As the calendar marked the official start of winter, for Javier Milei's government, the storm fronts began to clear, revealing a clear horizon for the next 15 months. Until just a couple of weeks ago, the government had three open fronts that needed to be navigated to start moving towards 2027, and in just a few days, all of them began to close simultaneously. The deepest political crisis it faced since taking office —the departure of Manuel Adorni— has been resolved. The external energy shock, a result of the war in the Middle East, is decompressing. And the ghost that most worried any investor with a memory, that of a 2027 with a challenging debt maturity profile, courtesy of Martín Guzmán, has cleared up with Caputo's financial plan. Three fronts, three closures, in just three weeks.

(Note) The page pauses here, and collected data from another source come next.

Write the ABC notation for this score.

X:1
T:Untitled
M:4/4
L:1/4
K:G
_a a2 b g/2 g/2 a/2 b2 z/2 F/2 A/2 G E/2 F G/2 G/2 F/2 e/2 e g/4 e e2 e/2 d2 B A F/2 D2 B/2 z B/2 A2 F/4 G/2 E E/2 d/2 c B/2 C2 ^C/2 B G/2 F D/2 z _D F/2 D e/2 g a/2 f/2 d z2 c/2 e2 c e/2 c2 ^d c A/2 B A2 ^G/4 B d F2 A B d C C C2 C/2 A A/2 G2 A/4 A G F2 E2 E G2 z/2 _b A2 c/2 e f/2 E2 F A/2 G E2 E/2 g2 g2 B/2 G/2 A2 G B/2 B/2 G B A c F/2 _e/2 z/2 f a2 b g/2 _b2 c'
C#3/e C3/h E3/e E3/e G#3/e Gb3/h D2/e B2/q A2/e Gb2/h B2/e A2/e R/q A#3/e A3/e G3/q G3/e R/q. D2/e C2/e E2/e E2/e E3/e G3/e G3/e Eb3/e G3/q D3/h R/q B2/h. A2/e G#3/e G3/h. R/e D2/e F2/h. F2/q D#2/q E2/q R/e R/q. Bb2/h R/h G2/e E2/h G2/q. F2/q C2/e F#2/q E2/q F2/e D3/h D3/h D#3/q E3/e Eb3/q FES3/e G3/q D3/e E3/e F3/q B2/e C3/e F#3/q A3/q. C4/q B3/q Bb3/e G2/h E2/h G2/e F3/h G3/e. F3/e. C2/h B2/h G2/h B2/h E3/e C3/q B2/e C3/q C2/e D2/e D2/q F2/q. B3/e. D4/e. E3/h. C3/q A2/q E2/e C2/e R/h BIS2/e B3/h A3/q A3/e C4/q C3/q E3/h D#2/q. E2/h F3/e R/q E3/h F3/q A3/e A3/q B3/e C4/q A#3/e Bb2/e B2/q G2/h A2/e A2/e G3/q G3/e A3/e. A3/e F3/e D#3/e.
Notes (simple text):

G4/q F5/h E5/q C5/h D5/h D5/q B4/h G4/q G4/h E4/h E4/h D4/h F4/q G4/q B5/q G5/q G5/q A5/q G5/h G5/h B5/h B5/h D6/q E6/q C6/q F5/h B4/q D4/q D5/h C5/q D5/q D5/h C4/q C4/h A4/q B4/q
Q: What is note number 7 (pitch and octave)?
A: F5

Let's start with the political front. Manuel Adorni, Chief of Staff since late 2025 and a very close official to President Milei, resigned on June 27 after nearly four months of constant media attacks and difficulties in credibly explaining his expenses and asset changes. While the allegations are making their way through the justice system, the deterioration of his image in the public eye was strongly impacting the government overall, jeopardizing the reform agenda it committed to pursue. After weeks filled with rumors, the change came, and Diego Santilli, who has significant political experience and the ability to forge agreements, took over as the new Chief of Staff. Days earlier, Adrián Ravier, an economist from the Austrian school and disciple of Jesús Huerta de Soto, took on the presidential spokesperson role with a style diametrically opposed to Adorni's: calmer, less confrontational, more grounded in fundamentals. Milei himself summed it up with a phrase that fits the moment: "The classroom has expanded."

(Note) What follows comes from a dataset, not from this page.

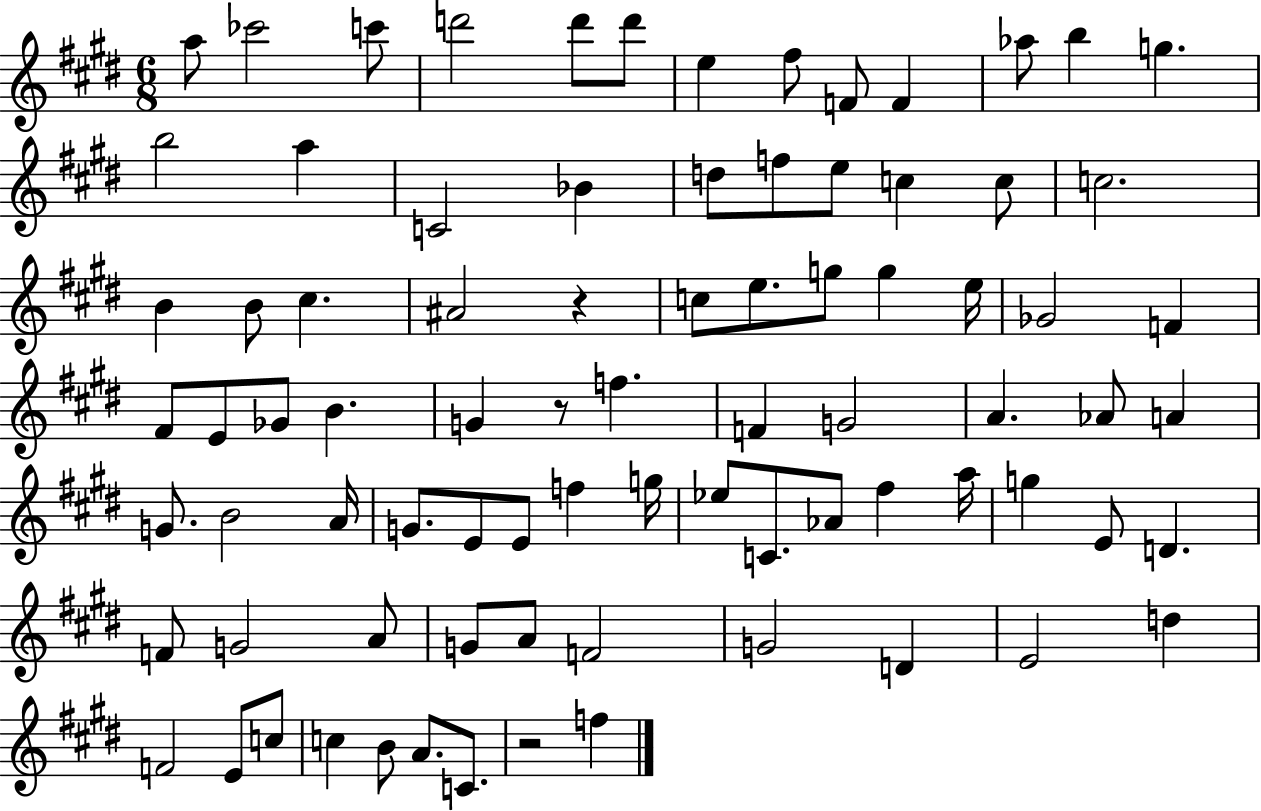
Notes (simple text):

A5/e CES6/h C6/e D6/h D6/e D6/e E5/q F#5/e F4/e F4/q Ab5/e B5/q G5/q. B5/h A5/q C4/h Bb4/q D5/e F5/e E5/e C5/q C5/e C5/h. B4/q B4/e C#5/q. A#4/h R/q C5/e E5/e. G5/e G5/q E5/s Gb4/h F4/q F#4/e E4/e Gb4/e B4/q. G4/q R/e F5/q. F4/q G4/h A4/q. Ab4/e A4/q G4/e. B4/h A4/s G4/e. E4/e E4/e F5/q G5/s Eb5/e C4/e. Ab4/e F#5/q A5/s G5/q E4/e D4/q. F4/e G4/h A4/e G4/e A4/e F4/h G4/h D4/q E4/h D5/q F4/h E4/e C5/e C5/q B4/e A4/e. C4/e. R/h F5/q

The second front is external. The conflict between the United States, Israel, and Iran, which had caused Brent to exceed US$120 in March, began to resolve with the Islamabad Memorandum on June 17. The results are already visible in the numbers: crude closed at US$71.57 on July 1 and fell below US$71 the next day, its lowest level since late February. For an Argentina that is now a net energy exporter, the price of oil plays in two opposing directions: an expensive barrel improves the terms of trade and helps the BCRA accumulate reserves, but it raises fuel prices at the pump and, through that route, filters into all prices in the economy. One doesn't have to look far back to see it: inflation peaked at 3.4% in March, a direct consequence of the spike in barrel prices. The current decompression, then, alleviates the inflationary front even as it moderates that export tailwind —and for a government that has anchored itself in lowering inflation, it's a trade-off that works in its favor.

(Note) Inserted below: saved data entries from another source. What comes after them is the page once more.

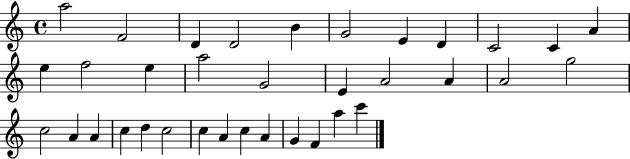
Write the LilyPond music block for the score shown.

{
  \clef treble
  \time 4/4
  \defaultTimeSignature
  \key c \major
  a''2 f'2 | d'4 d'2 b'4 | g'2 e'4 d'4 | c'2 c'4 a'4 | \break e''4 f''2 e''4 | a''2 g'2 | e'4 a'2 a'4 | a'2 g''2 | \break c''2 a'4 a'4 | c''4 d''4 c''2 | c''4 a'4 c''4 a'4 | g'4 f'4 a''4 c'''4 | \break \bar "|."
}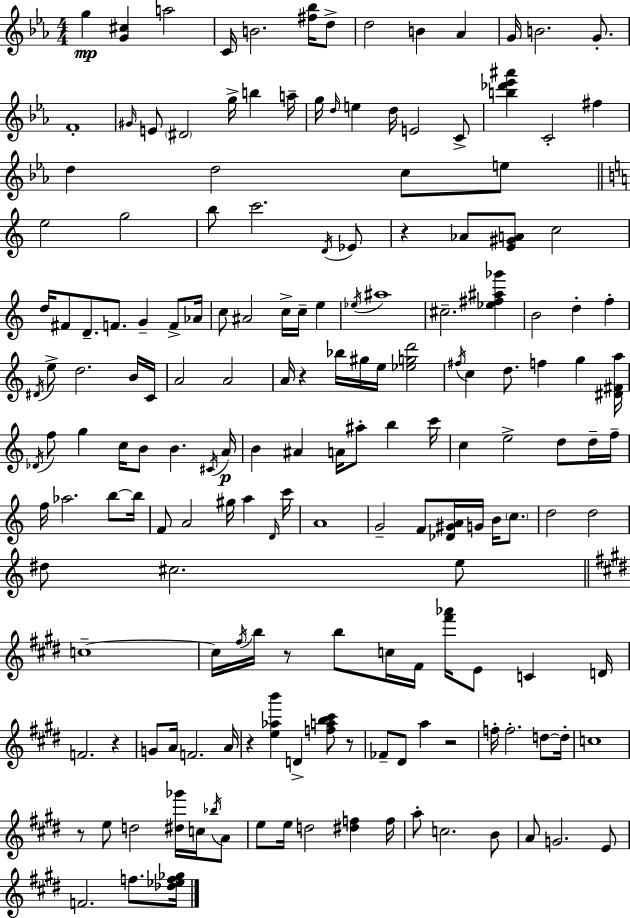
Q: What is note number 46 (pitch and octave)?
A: C5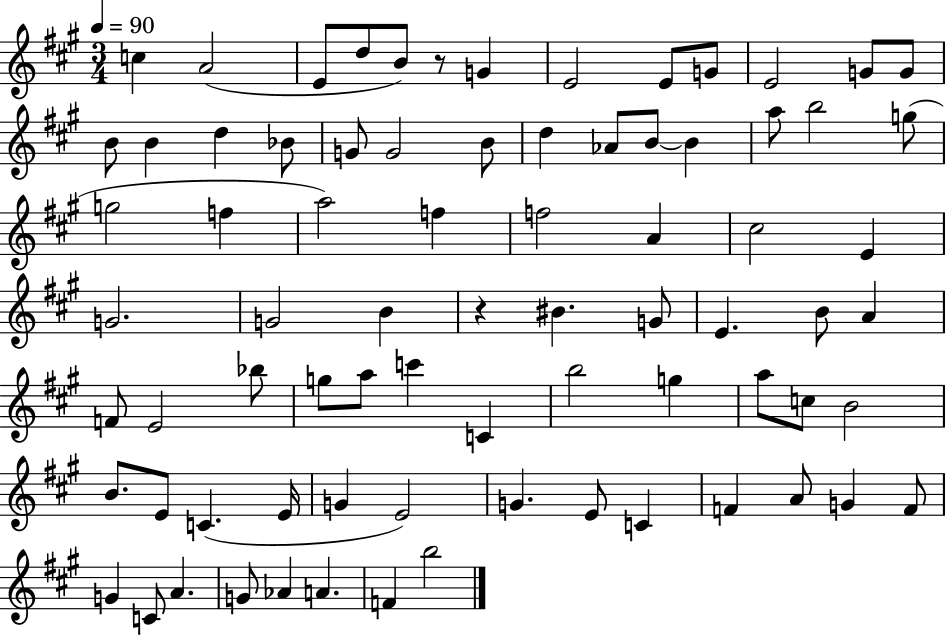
X:1
T:Untitled
M:3/4
L:1/4
K:A
c A2 E/2 d/2 B/2 z/2 G E2 E/2 G/2 E2 G/2 G/2 B/2 B d _B/2 G/2 G2 B/2 d _A/2 B/2 B a/2 b2 g/2 g2 f a2 f f2 A ^c2 E G2 G2 B z ^B G/2 E B/2 A F/2 E2 _b/2 g/2 a/2 c' C b2 g a/2 c/2 B2 B/2 E/2 C E/4 G E2 G E/2 C F A/2 G F/2 G C/2 A G/2 _A A F b2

The third, and perhaps the most decisive for thinking about 2027, is the financial front. The Country Risk closed at 415 basis points on July 2, a low since April 2018, with a 27.3% drop in the semester. The BCRA's gross reserves reached a record US$48.004 billion, supported by 120 consecutive days of net purchases. And next Monday, July 6, Caputo will formally present a financial program that, according to his team, leaves "completely closed" the financing not only for 2026 but also for 2027 —the year in which, until recently, many anticipated a new scenario of exchange rate tension if the treasury could not find financing sources.
In addition, there is a disinflation that no one can dispute: 2.1% in May, the lowest figure in eight months, with June projected between 1.8% and 1.9% by private analysts.